Thousands of soldiers backed by armored trucks and artillery have been facing off near the border. Scuffles are not uncommon, but Indian authorities say China upped the ante when its troops breached the line of control.
China accused Indian forces of carrying out "provocative attacks" on its troops. It did not say if any of its soldiers died.
As the countries around the region grapple with the coronavirus pandemic, China has been asserting its territorial claims and influence across the region, notably toward Hong Kong and Taiwan and in the South China Sea.
In South Asia, the sides have been engaged in a "very complex dance" along the line of actual control since early May, said Jeff M. Smith, a research fellow in Heritage's Asian Studies Center.
That has fanned anti-Chinese sentiments already running high due to Beijing's opposition to India's decision in August to revoke the statehood and semi-autonomy of Kashmir, parts of which are claimed by both Pakistan and China, and split it into two territories governed by New Delhi.Tussles for power between China and India, the first and second-most populous nations, date back centuries, though the two have sought to keep political, economic and security ties and avoid outright bloodshed.
Indian Prime Minister Narendra Modi and Chinese leader Xi Jinping have met more than a dozen times for talks, most recently in October in India, to smooth relations and build up trade. But India's unilateral decision in August to split Kashmir rankled Beijing.
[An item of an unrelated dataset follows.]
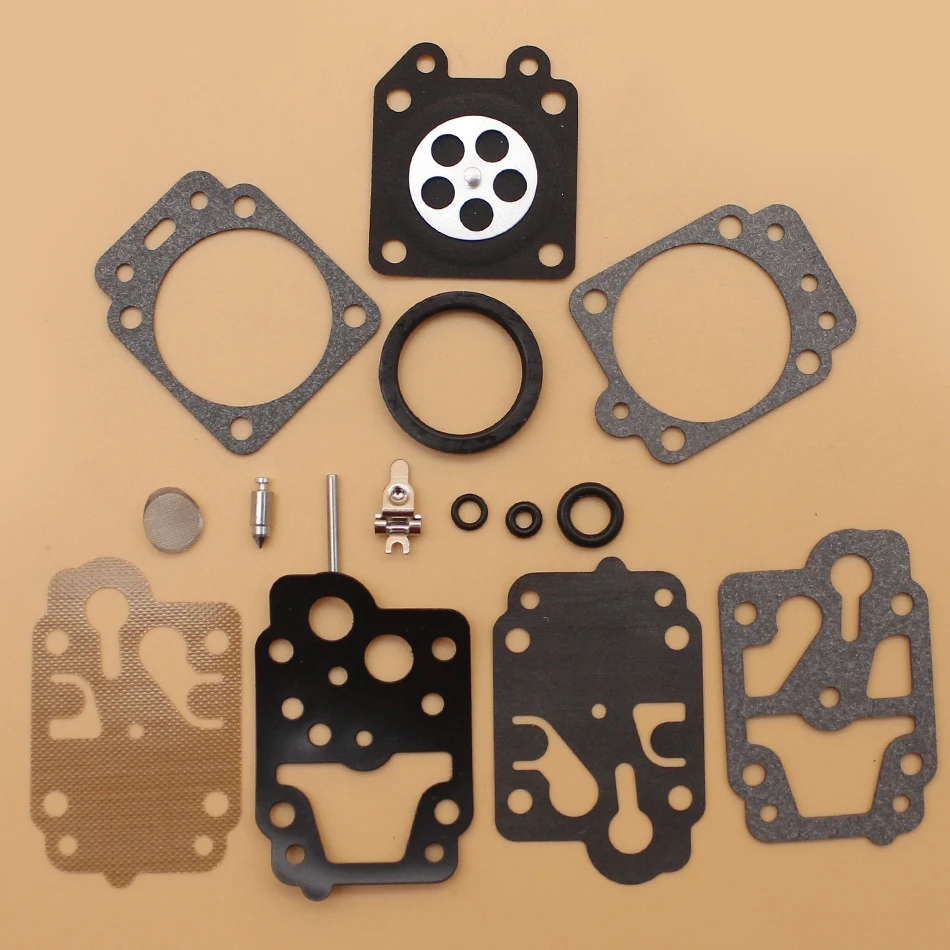 Карбюратор Kit для Walbro carb K20-WYJ K20 wyj эхо HOMELITE Toro McCulloch триммер | Инструменты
"I think what is interesting is how quickly Sino-Indian relations have deteriorated," said Joe Fewsmith, a China politics expert at Boston University. "A few years ago, Xi Jinping expressed hope that China and India could build cooperative relations. (That's) not likely now."
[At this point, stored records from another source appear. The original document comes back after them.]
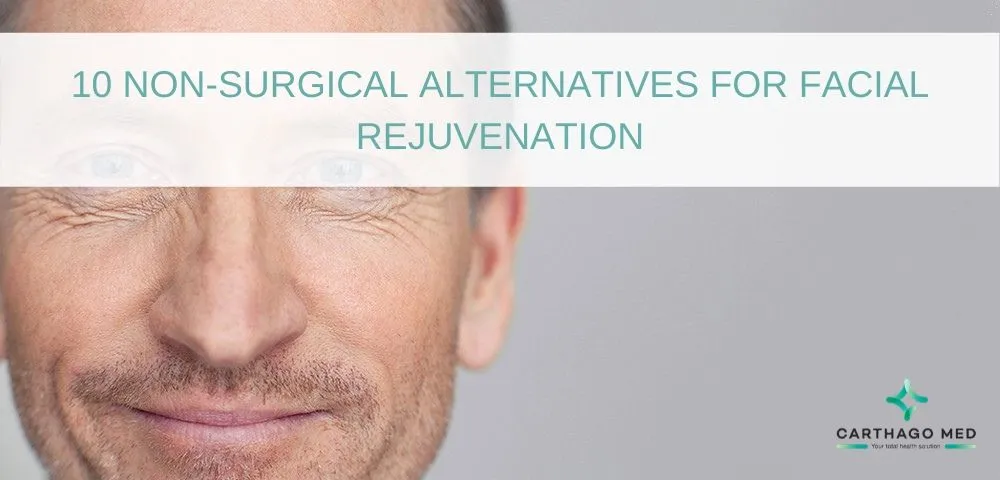 facial rejuvenation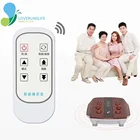 Loverunslife Acupressure Vibrator Massage Machine Foot Roller Massager
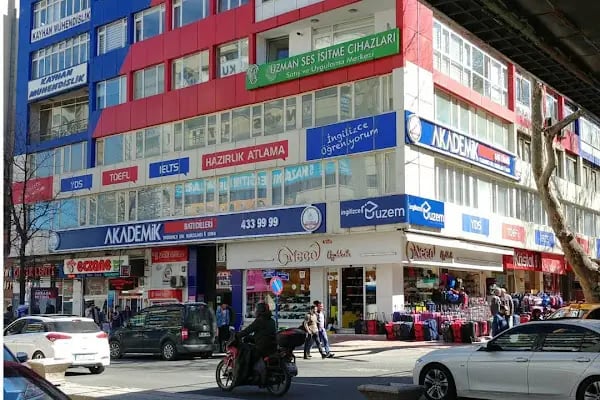 TOEIC Hazırlık Kursu - Akademik Yabancı Dil Kursları - Resim 11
The pandemic's origins in the central Chinese city of Wuhan are another factor: With more than 354,000 coronavirus cases and 11,903 deaths India is now the fourth worst affected country in the world.
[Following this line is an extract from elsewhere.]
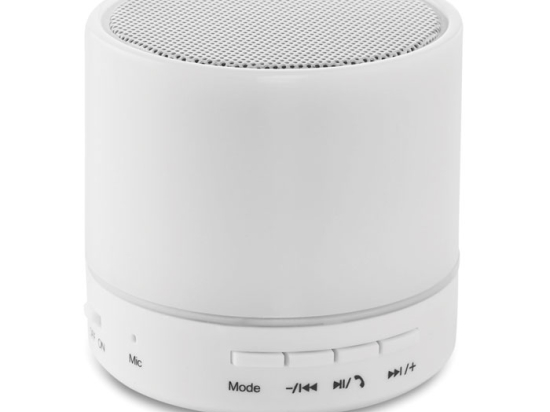 ROUND WHITE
But the bigger cause for antagonism lies in the Himalayas: a region China has always considered a strategically vital corridor between its restive Muslim Xinjiang region and Tibet.
At the U.N. General Assembly, China has supported Pakistan's opposition to India's decision to split Kashmir into the union territories of Jammu and Kashmir and Ladakh.
The U.S. backed India's assertion of its sovereign right to make such changes within its borders. While troops brawled in eastern Ladakh region in May, President Donald Trump offered to mediate.
The Trump administration has withdrawn U.S. support from Pakistan in favor of India, which it sees as a bulwark against China's growing influence. After two high-profile meetings between Modi and Trump - including rallies in Houston, Texas, and Gujarat, Modi's home state - India agreed to purchase $15 billion in American arms.
The U.S. and India have balked at China's multi-billion-dollar Belt and Road Initiative, a string of infrastructure and finance development projects from the Pacific to the Atlantic Ocean.
In response to the pandemic, a movement has emerged to build up India as an alternative to China for Western markets and to boycott Chinese goods.
Chris Biggers, a former government satellite imagery analyst, said Monday's clash fits a pattern of Chinese "intimidation" along the border. In 2017, similar low-scale hostilities along the tri-border area of Doklam broke out as China pushed into disputed territory, bringing in troops, building roads, expanding airbases, and flying drones and jets.
Yet, the forces amassed at Galwan dwarf what was seen at Doklam.
"I've never seen anything, outside of a military exercise, of this kind of mobilization of force, particularly between India and China," Biggers said.
A further escalation shouldn't be ruled out, said Pravin Sawhney, a military expert and editor of FORCE, a monthly magazine focused on national security.
"They (China) are fully prepared for it. Their belligerence is quite open not only on the border but in the South China Sea, too. On the other hand, India's response has been very subdued and defensive in nature. There is no immediate threat of an all-out war with China but India should be concerned about an exit strategy and I fear they have none," he said.